Bogor – “Dalam menetapkan suatu produk halal, maka akan melalui proses yang panjang. Karena halal harus komprehensif dari mulai hulu hingga hilir. Prinsip halal memastikan setiap langkah, unsur, bahan yang digunakan, fasilitas, produk, distribusi, dan seterusnya terjamin kehalalannya terbebas dari kontaminasi bahan non halal dan najis,” demikian disampaikan Wakil Direktur Lembaga Pengkajian Pangan, Obat-obatan dan Kosmetika Majelis Ulama Indonesia (LPPOM MUI), Ir. Sumunar Jati dalam seminar web yang diselenggarakan Universitas Nahdatul Ulama Surabaya (UNUSA) beberapa waktu melalui aplikasi video konferensi.
Misalnya kita akan mengkonsumsi makanan berbasis daging, maka perlu ditelusuri dari mulai cara penyembelihan, Rumah Potong Hewan (RPH) yang telah disertifikasi halal oleh LPPOM MUI. Hingga proses produksi, distribusi dan yang lainnya sampai tersaji di meja makanan untuk siap dikonsumsi.
Jika daging tersebut adalah daging impor, maka proses distribusi daging tersebut harus dipastikan terbebas dari kontaminasi bahan non halal dan najis. Mulai dari kontainer yang akan dipakai, hingga pengapalan daging harus melalui halal hub yang telah terjamin kehalalannya.

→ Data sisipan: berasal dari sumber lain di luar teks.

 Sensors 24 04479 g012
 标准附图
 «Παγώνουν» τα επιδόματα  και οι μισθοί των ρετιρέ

Pada proses penyembelihan hewan, baik daging impor maupun lokal Indonesia harus memenuhi standar penyembelihan sesuai syariat Islam. Juga, harus berasal dari Rumah Potong Hewan (RPH) serta Rumah Potong Ayam (RPA) yang telah disertifikasi halal oleh MUI. Untuk daging impor, telah disertifikasi halal oleh Lembaga Sertifikasi Halal Luar Negeri (LSHLN) yang telah diakui oleh Majelis Ulama Indonesia (MUI).

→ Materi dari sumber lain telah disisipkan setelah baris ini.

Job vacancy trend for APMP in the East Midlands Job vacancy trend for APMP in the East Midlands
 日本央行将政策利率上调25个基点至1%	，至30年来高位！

(Baca juga : Inilah Lembaga Sertifikasi Halal Luar Negeri (LSHLN) yang telah diakui oleh MUI)
Selain itu, daging juga memerlukan penanganan yang bagus untuk menentukan tidak adanya kontaminasi kandungan tidak halal di setiap daging yang diolah. Karena pada proses pengolahan ada penambahan bahan pada daging tersebut. Bahan tersebut bisa berupa bahan tambahan maupun bahan penolong dalam proses pengolahan daging tersebut.
Dari semua bahan tambahan dan penolong tersebut, maka harus dipastikan kehalalannya, baik sumber maupun bahan itu sendiri. Setelah dari pengolahan, maka daging tersebut akan masuk pada proses pengemasan, dari sini pula, kemasan harus dipastikan kehalalannya.
Dari proses pengemasan, maka hal selanjutnya yang harus dipastikan kehalalannya adalah proses penyajian di restoran. Daging yang disajikan tidak ada campuran bahan yang non halal dan najis. Fasilitas harus dedicated halal. Hal ini penting, karena di beberapa tempat terkadang produk halal berdampingan dengan produk non halal.
Hingga pada sajian kepada konsumen, bagaimana preparasi meja makan terbebas dari kontaminasi bahan haram dan najis.
Pada proses rangkaian sertifikasi halal ini harus memenuhi tiga (3) prinsip penentuan halal, yakni: otentifikasi (autentification), ketertelusuran (traceability), dan jaminan halal (halal assurance).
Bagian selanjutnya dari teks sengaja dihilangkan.